By Kieran Fitzgerald :  06/05/2011 :  Comments (28) :
The original title for this article was going to be "Loss of Expectation". It was meant to be about how, over the last twelve months, with all that has gone on, my expectations have fallen through the floor... and about how I was worried about what my level of expectation and hope for next season would be. I was going to end the piece with a paragraph explaining that, in the run up to the Man Utd game, I was expecting, for the first time in years, that we would get trounced by Man Utd and I had no interest in the game. It was that feeling I used to get in the dark old days under Walter Smith; this was what was worrying me most about what I was expecting from, and hoping for, from next season.

I was going to post the week before the Utd game. Between laziness, and ultimately deciding to show some interest in the Utd game to see what kind of performance we gave, I didn't get around to posting the piece.

Well the Utd game came and went. The complete non-performance threw me so much that the article went out the window. Then the Wigan game came and went and this led to a me deciding to do a revision of the article.

I sat down on Monday and went through my usual routine of analysing the results and the league table. When I saw the positions of the three or four teams either side of us, and how we compared to them in terms of squad, finances and overall mindset of each club, I suddenly found the new point of my article. I don't need to worry about what might happen next season. The worst has already happened in terms of my expectations being lowered ? and we are already there.

When I looked at the teams in fourth, fifth and sixth, I realised that we are further away from these league placings than we have been in years. Over the last twelve months, we have fallen away financially, squad-wise and ? worst of all in my view ? mentality-wise. It's the psychology of the team and the club that has worried me the most over the last twelve months. If you look at the last two results in particular, I would find it hard to see how this squad can lift itself for next season. Liverpool were dead in the water in December. Now, they look like the don't want the season to end. You can't buy the mental strength that squad has shown.

Spurs may have to sell during the summer if they don't get Champion's League. Harry will do his usual wheeling and dealing with what is a squad chock-full of talent and they will be there or there abouts again next season. Spurs as a club will regroup and will push hard again next season for the invaluable fourth spot.

Man City, well they finally seem to be getting it together in terms of mentality and squad spirit... and can always just spend if they need to. Us? well, fingers crossed we sell five or six of our senior players over the summer for the price of one of our bank loans and then have second-rate freebies and a couple of young fellas for the first game of the season in August. And, from the way this season has gone, we will have the mentality of a mid-table team, not a team pushing for a top four spot.

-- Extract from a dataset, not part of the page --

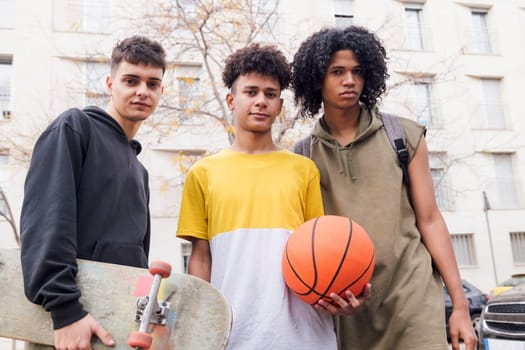 three diverse teenager friends with basketball and skateboard standing together looking at camera, concept of youth and urban lifestyle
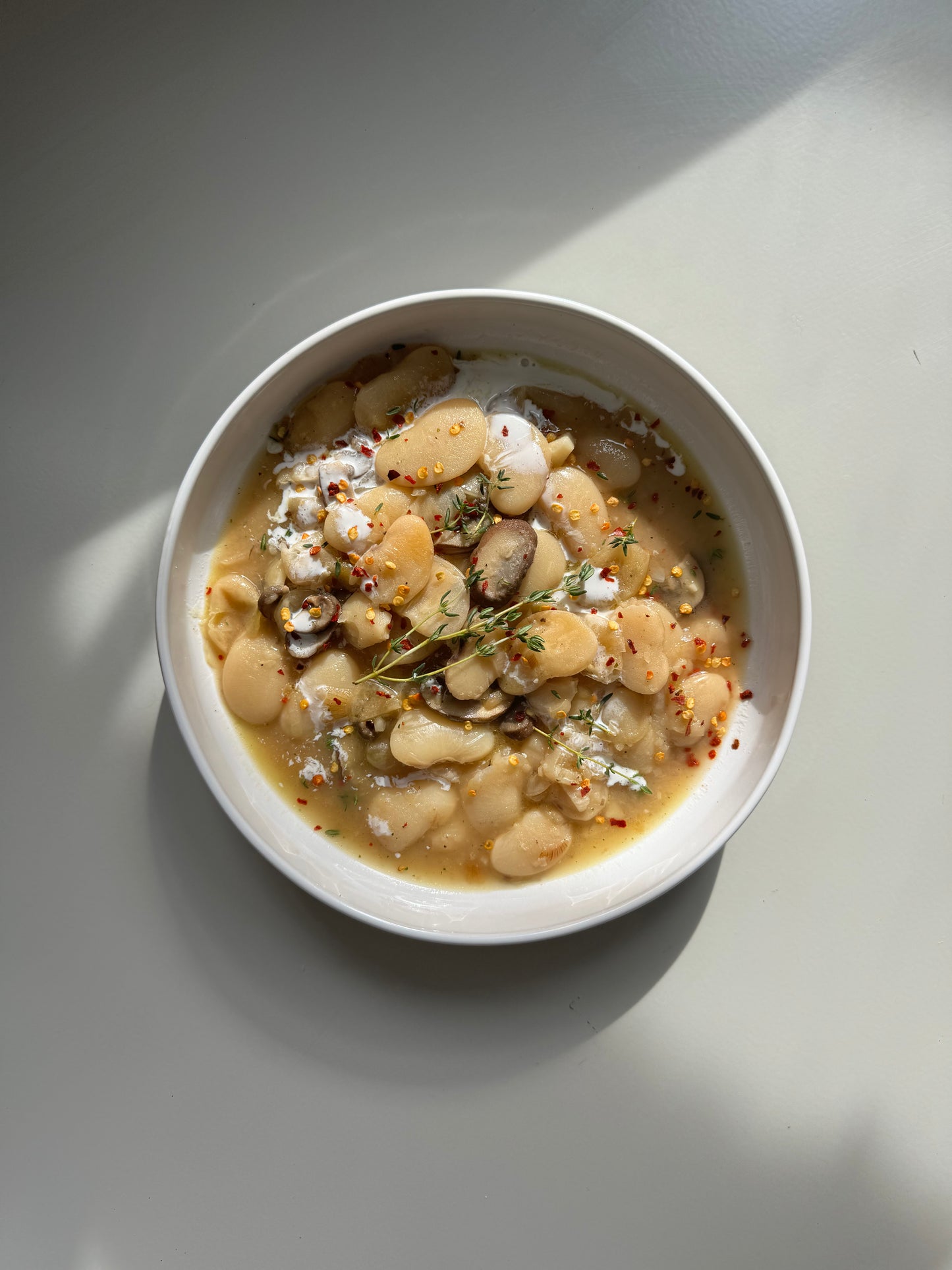 A bowl of prepared caramelized onion butter beans meal, garnished with fresh parsley and a piece of caramelized onion, on a light background.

Outside chance for fourth next season? Best of the rest in fifth? Sixth place at worst? Not a hope. That ship has long sailed and the expectations I once had are long gone. My expectations are long gone in terms of next season and in the context of what they were over the last five or six.

People have said that our remaining league games are now dead rubbers and that they can't wait for the season to just end. Well in my mind they are anything but dead rubbers. If you look at the three teams just below us, and how close they are to us on points and goal difference, these games are anything but dead rubbers. We are now competing over the last three games of the season with Stoke, Bolton and Fulham for anywhere from seventh to tenth place. But, we would also now seem to be competing with them financially as well as mentally: happy to be there; happy to be surviving; living from hand to mouth from season to season and glad just to have the chance.

A worrying feeling I'm getting from the club is that it is really starting to believe its own propaganda. "Surviving on a shoestring budget against the big boys... fifth place finishes with no money and a small squad... aren't we great?!" It no longer sounds like the rumblings of a big club down on it's luck ? more like a small club that can't believe it's lasted this long in the top flight. The mentality of winners? the mentality of the best of the rest?? ? don't make me laugh.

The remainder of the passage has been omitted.